Crazy. 18 seconds was all he needed to put hunts lights out. I really would like to see him win tomorrow, but not getting my hopes up too much, even against Marshal.


----------



## _RIVAL_ (Mar 7, 2008)

Any man who can lay Hunt flat in 18 seconds has fists of death.

Melvins biggest problem has always been his sub defense.... if he had his grappling in tune he'd be the scariest MW out there.


----------



## Voiceless (Nov 8, 2010)

_RIVAL_ said:


> Any man who can lay Hunt flat in 18 seconds has fists of death.


Out of his 28 wins 26 are by KO - any questions¿


----------



## _RIVAL_ (Mar 7, 2008)

Voiceless said:


> Out of his 28 wins 26 are by KO - any questions¿


Questions? LOL I've been watching Manhoef for years in K1, DREAM and Strikeforce my question is why the hell has he not hired a proper BJJ Sensei.


----------



## Voiceless (Nov 8, 2010)

_RIVAL_ said:


> Questions? LOL I've been watching Manhoef for years in K1, DREAM and Strikeforce my question is why the hell has he not hired a proper BJJ Sensei.

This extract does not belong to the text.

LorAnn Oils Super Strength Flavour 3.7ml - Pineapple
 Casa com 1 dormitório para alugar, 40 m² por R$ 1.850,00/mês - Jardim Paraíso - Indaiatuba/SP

Too true. It's so sad. He probably has one of the best executions in body mechanics concerning striking power. Basically nobody brings as much torque behind his strikes as him and he probably could KO a rhino ...only to get taken down and subbed by mid-level fighters...


----------



## _RIVAL_ (Mar 7, 2008)

Voiceless said:


> Too true. It's so sad. He probably has one of the best executions in body mechanics concerning striking power. Basically nobody brings as much torque behind his strikes as him and he probably could KO a rhino ...only to get taken down and subbed by mid-level fighters...


Melvin is the biggest case of a 1 dimensional fighter would would absolutely be the best in the world if he was able to just tune up one aspect of his game.

Hell even if his TDD was on point he'd have at least 6 less losses on his record.

Imagine Melvin with a dangerous BJJ game... #lock

Melvin can punch and kick a jet out of the sky.....


----------